What to do:
Only one portion of the data is to be written out: from the line bearing "Slide: The Image" through the line bearing "Mikrowelle, GeschirrspĂŒler, Kochgeschirr/Geschirr/Besteck". Write it exactly as it appears.

Available data:
□ □ □

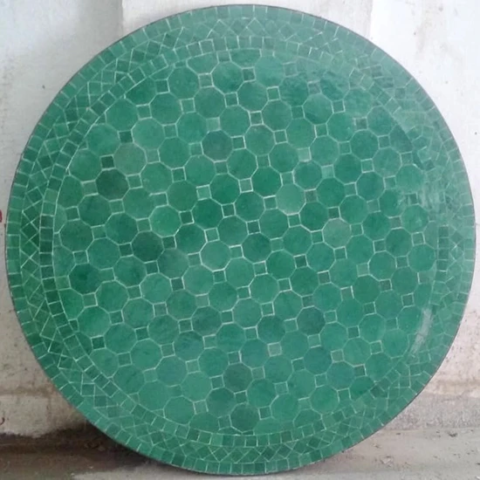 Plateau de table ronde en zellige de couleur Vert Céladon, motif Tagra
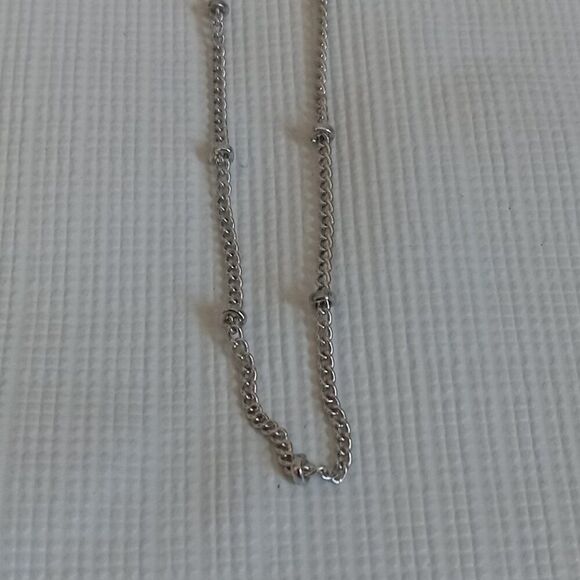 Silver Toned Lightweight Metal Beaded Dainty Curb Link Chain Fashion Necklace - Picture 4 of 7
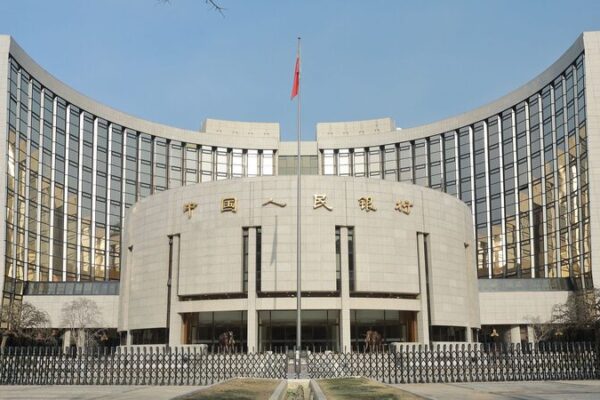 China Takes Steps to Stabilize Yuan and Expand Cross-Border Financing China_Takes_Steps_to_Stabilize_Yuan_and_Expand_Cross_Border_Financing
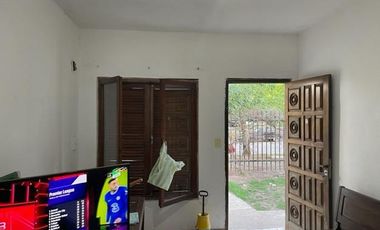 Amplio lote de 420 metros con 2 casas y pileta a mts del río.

□ □ □

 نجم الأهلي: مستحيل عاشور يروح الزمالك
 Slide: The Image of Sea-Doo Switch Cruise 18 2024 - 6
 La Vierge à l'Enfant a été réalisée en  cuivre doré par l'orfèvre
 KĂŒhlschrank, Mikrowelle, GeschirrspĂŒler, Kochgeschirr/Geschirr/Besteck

□ □ □

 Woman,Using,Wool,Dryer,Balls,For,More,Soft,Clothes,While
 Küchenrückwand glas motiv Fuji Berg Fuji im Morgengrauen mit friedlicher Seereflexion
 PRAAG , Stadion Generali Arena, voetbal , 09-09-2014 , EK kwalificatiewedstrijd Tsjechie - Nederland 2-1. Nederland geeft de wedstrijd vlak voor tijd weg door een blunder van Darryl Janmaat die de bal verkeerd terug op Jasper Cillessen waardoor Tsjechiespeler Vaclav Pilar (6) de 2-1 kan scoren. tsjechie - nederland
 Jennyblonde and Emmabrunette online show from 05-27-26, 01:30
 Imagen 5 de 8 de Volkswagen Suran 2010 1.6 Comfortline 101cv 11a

□ □ □

Written answer:
 Slide: The Image of Sea-Doo Switch Cruise 18 2024 - 6
 La Vierge à l'Enfant a été réalisée en  cuivre doré par l'orfèvre
 KĂŒhlschrank, Mikrowelle, GeschirrspĂŒler, Kochgeschirr/Geschirr/Besteck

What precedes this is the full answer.